> **The problem**
Each line of the records that includes "Unit" should be found and copied.

> **Supplied information**
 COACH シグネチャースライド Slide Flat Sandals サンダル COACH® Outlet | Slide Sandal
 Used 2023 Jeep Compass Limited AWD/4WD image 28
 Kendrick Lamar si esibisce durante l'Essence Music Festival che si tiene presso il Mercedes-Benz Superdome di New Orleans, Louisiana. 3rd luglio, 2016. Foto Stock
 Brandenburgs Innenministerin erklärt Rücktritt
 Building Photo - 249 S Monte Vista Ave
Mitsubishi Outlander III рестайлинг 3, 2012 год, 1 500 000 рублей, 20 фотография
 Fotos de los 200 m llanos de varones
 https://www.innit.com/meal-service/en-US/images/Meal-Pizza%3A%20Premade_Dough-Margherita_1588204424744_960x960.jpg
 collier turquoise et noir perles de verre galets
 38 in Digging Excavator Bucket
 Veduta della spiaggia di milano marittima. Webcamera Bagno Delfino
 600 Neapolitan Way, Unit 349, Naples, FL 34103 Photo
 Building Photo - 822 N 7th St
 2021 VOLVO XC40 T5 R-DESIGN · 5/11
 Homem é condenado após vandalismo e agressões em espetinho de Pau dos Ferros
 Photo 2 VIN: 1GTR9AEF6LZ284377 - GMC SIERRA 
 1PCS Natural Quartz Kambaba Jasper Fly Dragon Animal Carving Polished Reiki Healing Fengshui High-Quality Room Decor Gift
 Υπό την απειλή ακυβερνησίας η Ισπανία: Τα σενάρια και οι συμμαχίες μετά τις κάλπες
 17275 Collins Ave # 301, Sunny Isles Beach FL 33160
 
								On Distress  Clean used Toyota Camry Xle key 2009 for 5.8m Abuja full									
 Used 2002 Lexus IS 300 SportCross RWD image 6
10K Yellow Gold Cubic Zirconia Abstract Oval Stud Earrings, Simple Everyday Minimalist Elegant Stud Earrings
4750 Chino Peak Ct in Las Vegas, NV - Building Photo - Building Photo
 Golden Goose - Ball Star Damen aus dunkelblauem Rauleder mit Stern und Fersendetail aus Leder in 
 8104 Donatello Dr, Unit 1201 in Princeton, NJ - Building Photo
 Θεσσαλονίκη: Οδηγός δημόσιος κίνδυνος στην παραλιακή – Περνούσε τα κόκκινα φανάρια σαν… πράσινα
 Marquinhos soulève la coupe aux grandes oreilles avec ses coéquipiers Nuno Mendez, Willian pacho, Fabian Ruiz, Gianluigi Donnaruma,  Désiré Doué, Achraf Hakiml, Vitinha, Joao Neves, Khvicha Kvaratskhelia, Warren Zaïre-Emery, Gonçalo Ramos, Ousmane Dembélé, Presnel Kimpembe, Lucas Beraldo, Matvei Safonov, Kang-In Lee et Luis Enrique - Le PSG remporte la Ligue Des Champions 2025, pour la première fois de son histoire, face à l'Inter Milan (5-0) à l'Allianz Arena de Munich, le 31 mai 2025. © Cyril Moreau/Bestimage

> **Response**
 600 Neapolitan Way, Unit 349, Naples, FL 34103 Photo
 8104 Donatello Dr, Unit 1201 in Princeton, NJ - Building Photo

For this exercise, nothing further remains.